Start of Task data

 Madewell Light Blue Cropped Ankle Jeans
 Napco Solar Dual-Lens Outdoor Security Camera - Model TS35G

End of Task data
Start of Task data

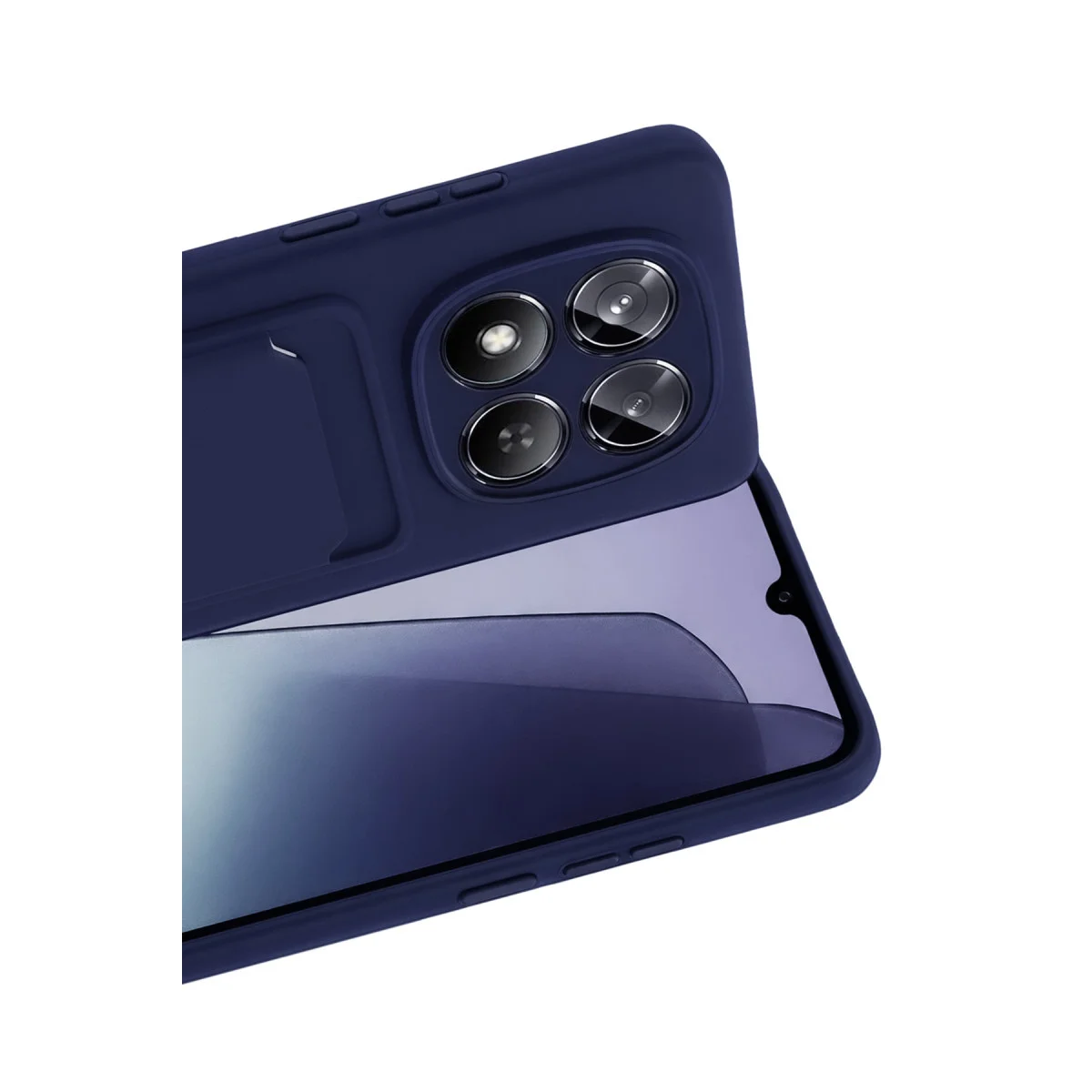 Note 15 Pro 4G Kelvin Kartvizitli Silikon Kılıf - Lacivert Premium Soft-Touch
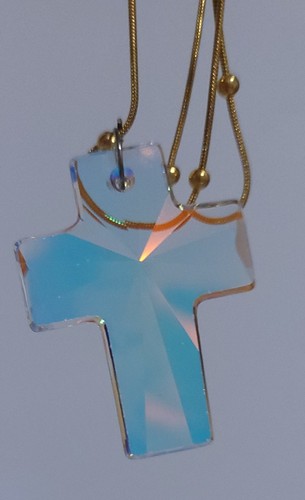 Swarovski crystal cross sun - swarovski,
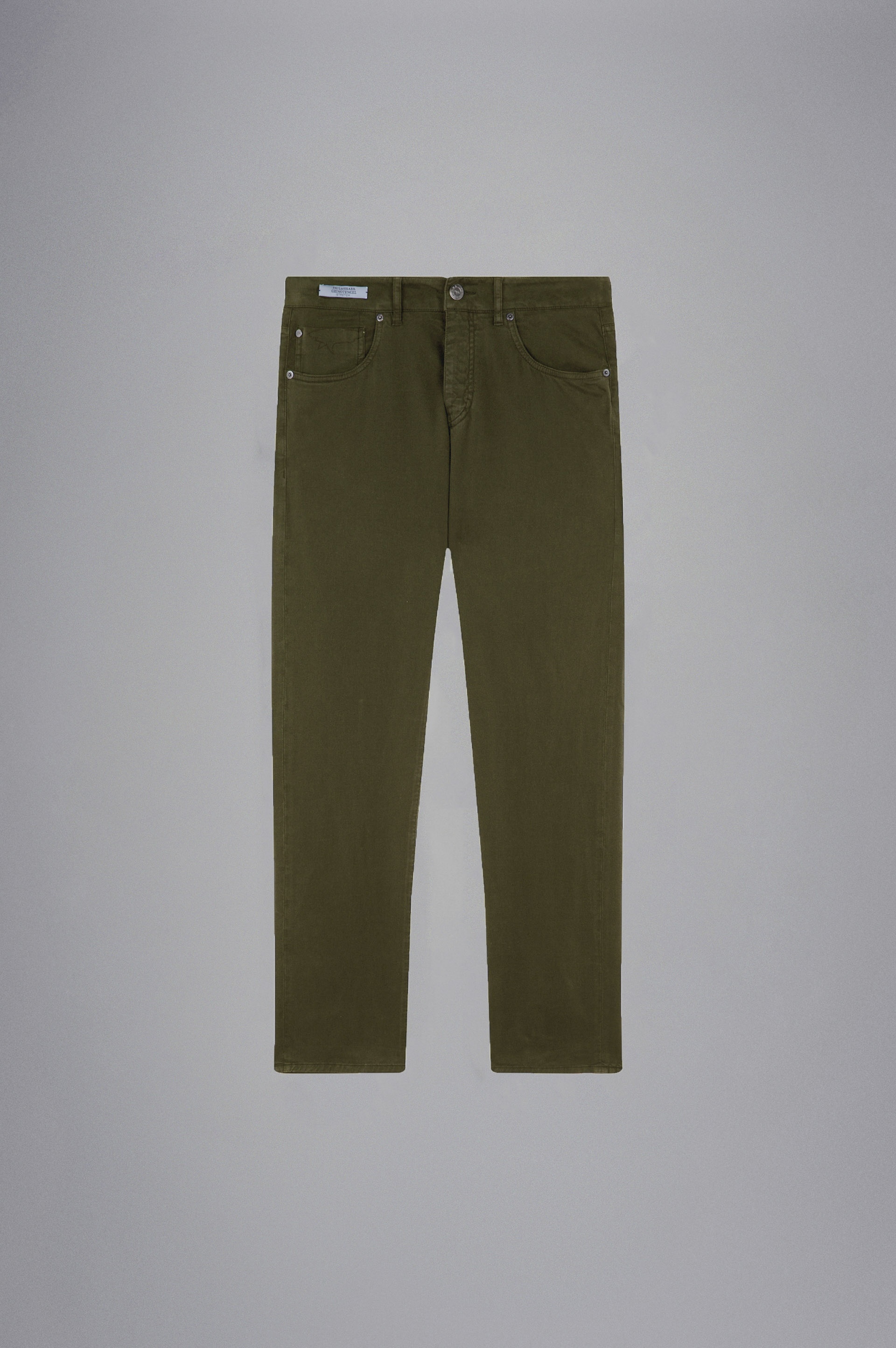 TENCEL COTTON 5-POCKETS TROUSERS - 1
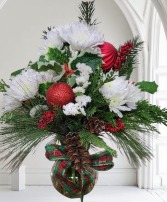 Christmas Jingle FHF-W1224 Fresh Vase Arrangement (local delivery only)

End of Task data

• [Work required]:
For the material above, reproduce exactly the lines from the line with "Madewell Light Blue Cropped Ankle Jeans" to the line with "Napco Solar Dual-Lens", inclusive, and exclude all others.

• [Your response]:
 Madewell Light Blue Cropped Ankle Jeans
 Napco Solar Dual-Lens Outdoor Security Camera - Model TS35G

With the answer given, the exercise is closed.